If the answer to any of the earlier questions about the social value of higher education is "yes", one might conclude that institutions need to reassert their intellectual and ethical independence, and their claim to provide leadership to their societies. Any fears that a move towards an independent stance might herald a retreat into the ivory tower should be alleviated by the increasing commitment of many institutions to engagement with the communities they serve.
In looking to remedy past failures, the teaching-led higher education college sector could play a key role. While diverse in some respects, this sector is far more cohesive than its university counterpart, and part of the mission of its church colleges, in particular, is to be deeply concerned with values and ethics. The sector's long-standing commitment to widening participation testifies to its engagement.
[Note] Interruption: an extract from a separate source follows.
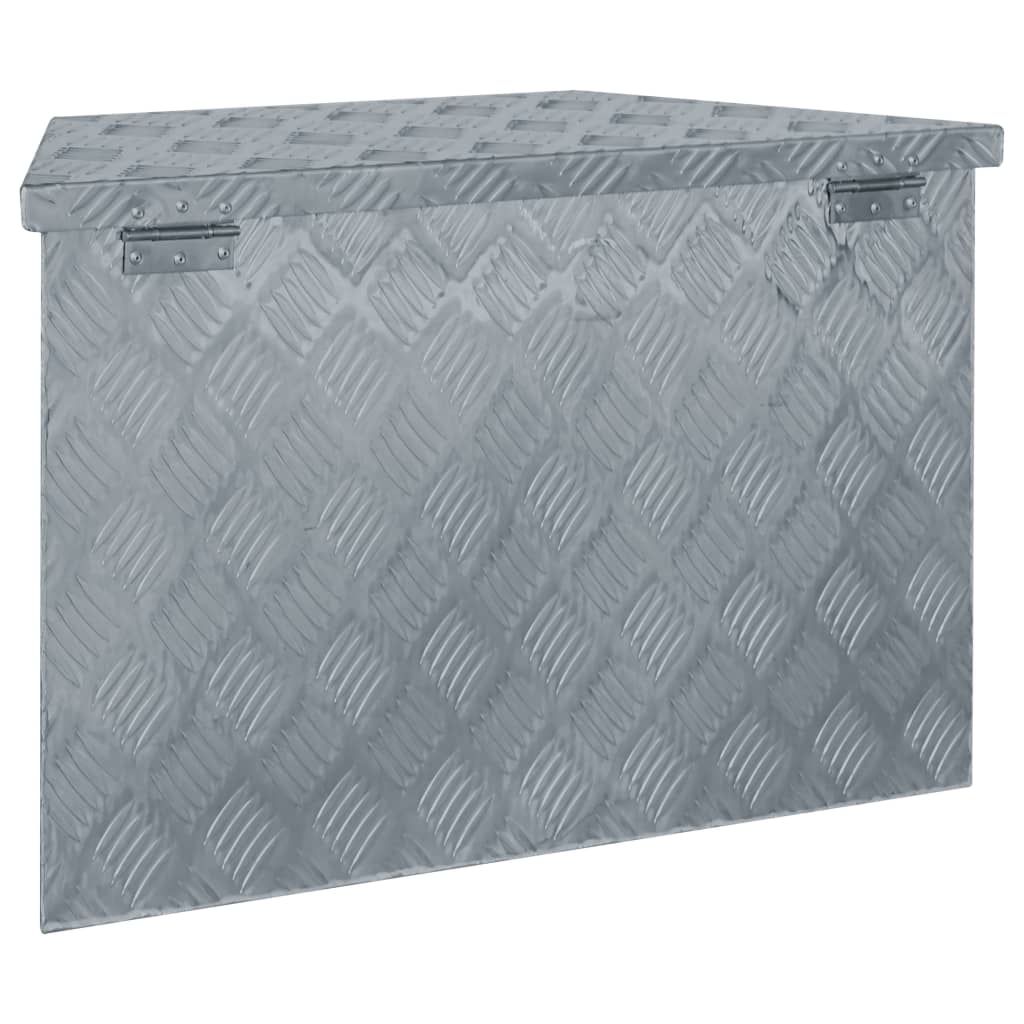 vidaXL Caixa de alumínio 70x24x42 cm trapezoidal prateado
Some 20 years ago, higher education in the UK expressed its revulsion at apartheid through an academic boycott, supported by many academics at South Africa's "liberal" universities. Today, no such evidence is to be found of sector-wide moral condemnation of an Israeli government that flaunts its targeted assassinations openly - presumably on the basis that it can dismiss all criticism as anti-Semitic. The charge of anti-Semitism can hardly carry much conviction if the leadership of a collective response to Israel's state-sponsored terrorism were to be taken by the church colleges, many of which, while built on Christian foundations, are committed to inter-faith understanding.
If higher education wants to lay claim to a social value that goes beyond the purely utilitarian function of training graduates for the job market, it needs to be less deferential, reassert its intellectual independence, be heard to ask critical questions and be prepared to take collective action.
David Maughan Brown is director of strategy and corporate planning at York St John College.